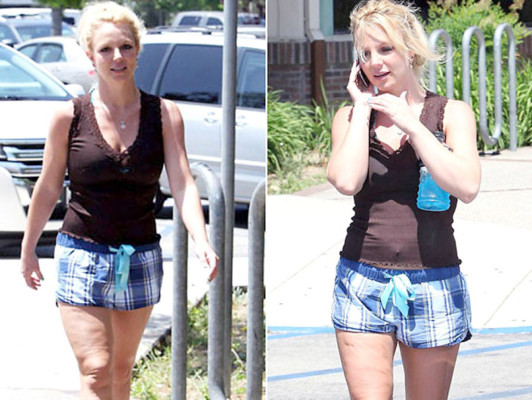 Britney Spears modela sus piernas con celulitis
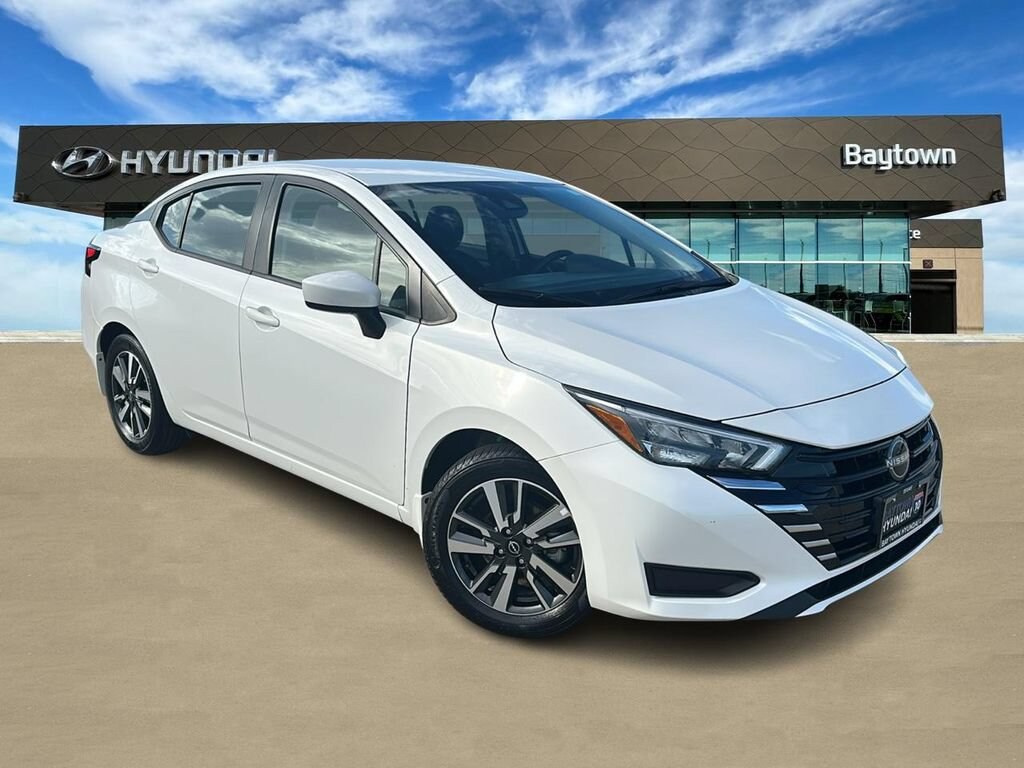 Used 2025 Nissan Versa SV SV CVT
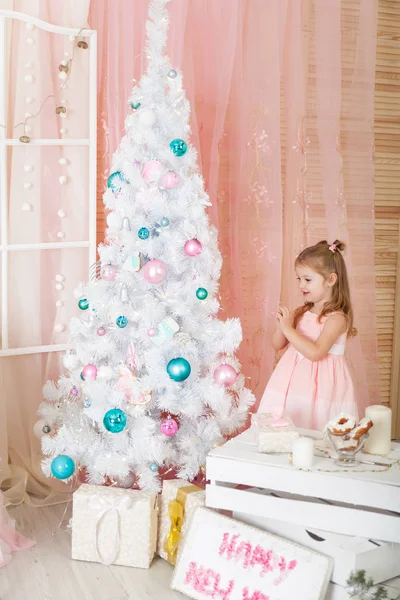 Menina bonito em uma decoração de Natal — Fotografia de Stock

§ **Task statement**:
Retype the listing exactly. Leave out its pictures.

§ **Solution**:
 Britney Spears modela sus piernas con celulitis
 Used 2025 Nissan Versa SV SV CVT
 Menina bonito em uma decoração de Natal — Fotografia de Stock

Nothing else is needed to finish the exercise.